Leaving out the pictures, please reproduce exactly and only the lines from the one that contains "Pink christmas candle" through the last line below.

:::

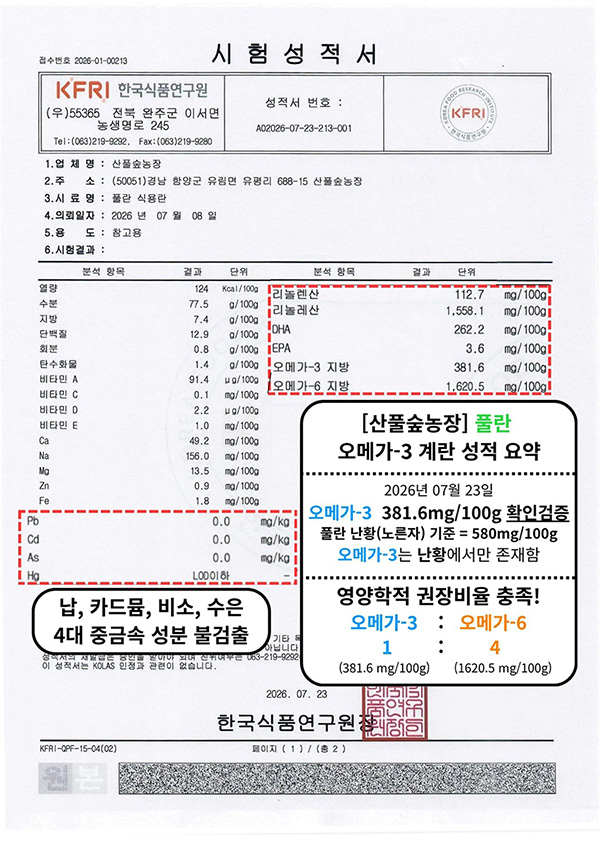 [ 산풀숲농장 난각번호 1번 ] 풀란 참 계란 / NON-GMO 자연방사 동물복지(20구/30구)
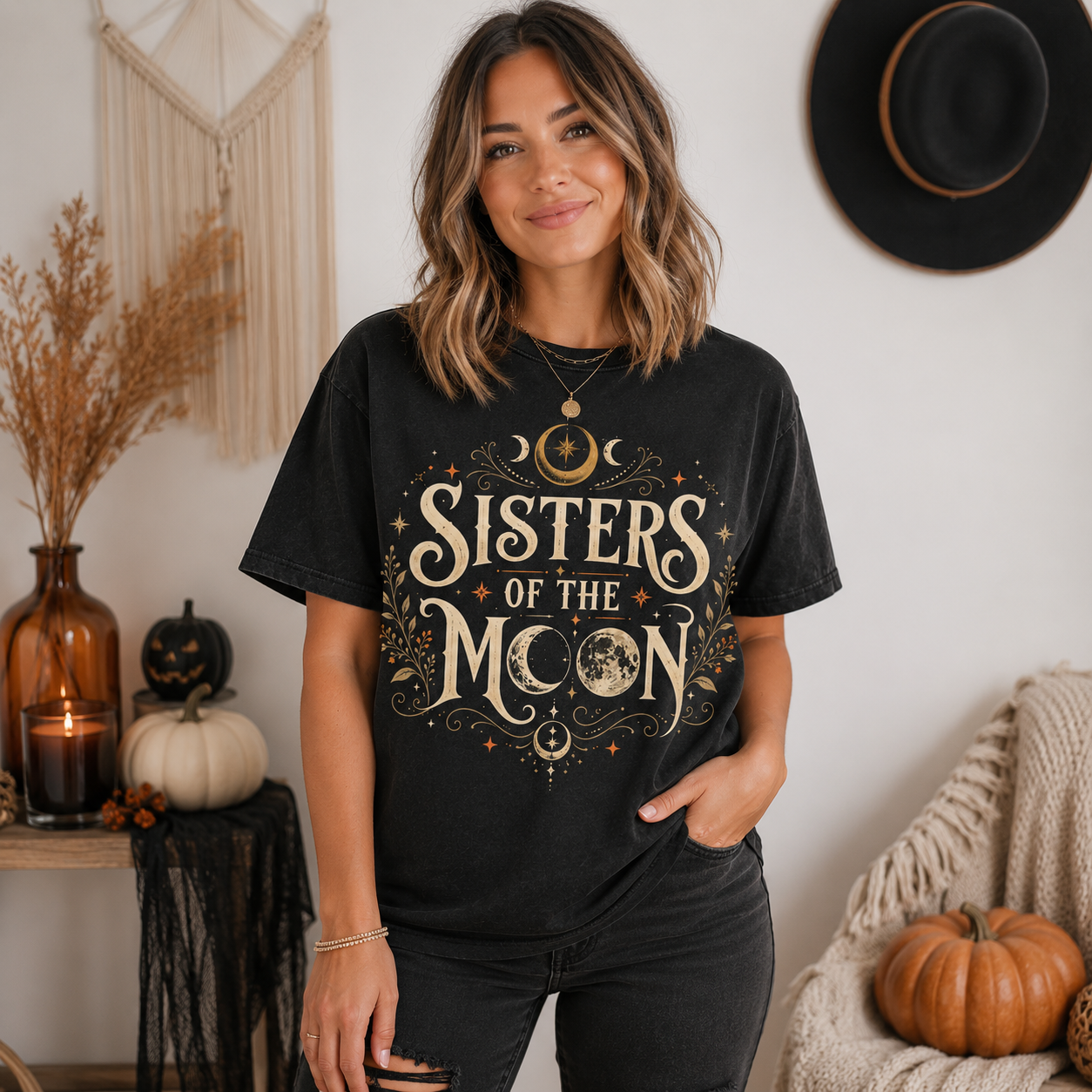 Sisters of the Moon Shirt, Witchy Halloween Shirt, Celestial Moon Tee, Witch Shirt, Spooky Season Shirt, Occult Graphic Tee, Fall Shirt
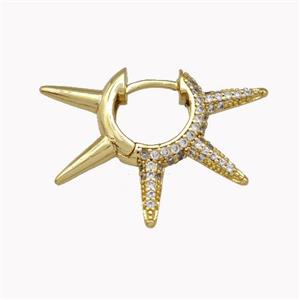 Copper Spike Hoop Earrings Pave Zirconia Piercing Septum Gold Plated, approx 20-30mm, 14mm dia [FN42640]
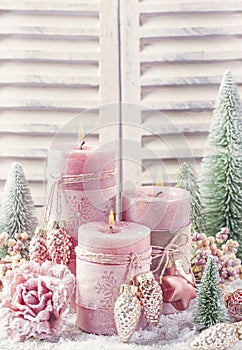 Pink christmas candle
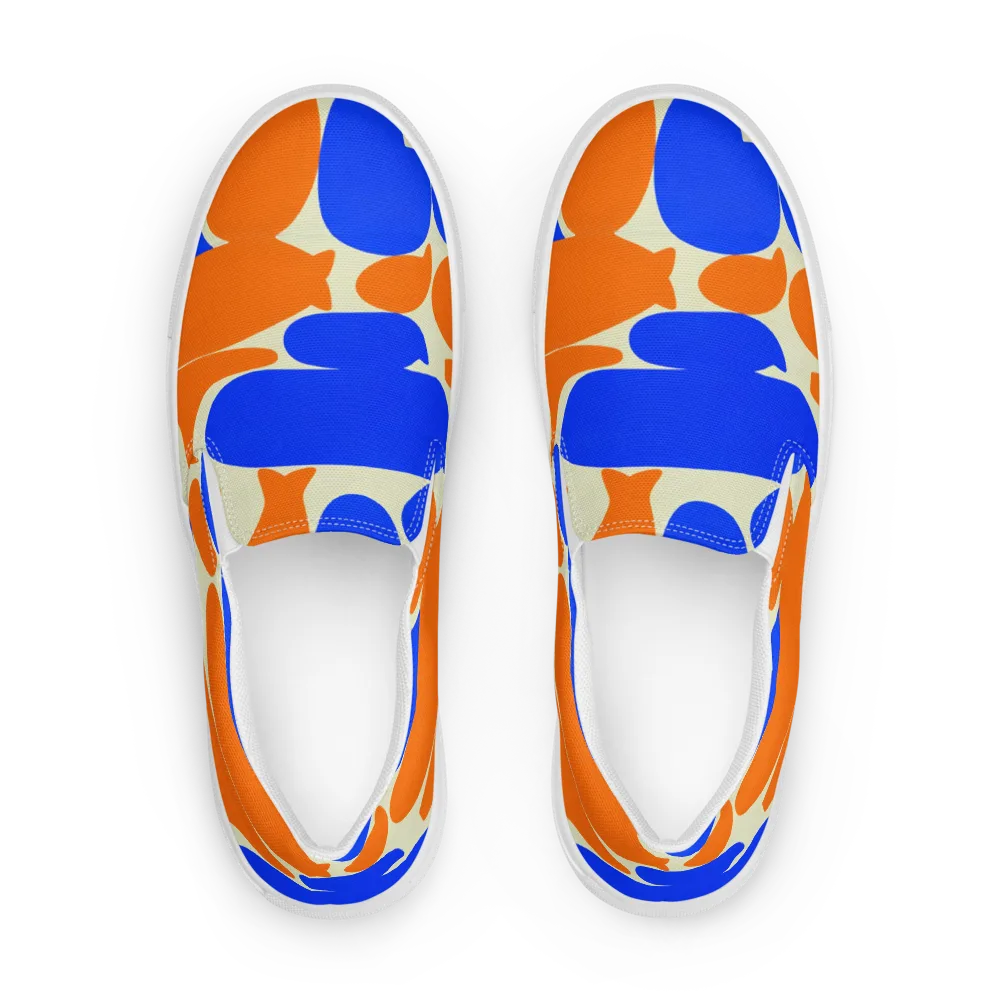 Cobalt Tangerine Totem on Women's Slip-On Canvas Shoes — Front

:::

■ **Result of this exercise**
 Pink christmas candle
 Cobalt Tangerine Totem on Women's Slip-On Canvas Shoes — Front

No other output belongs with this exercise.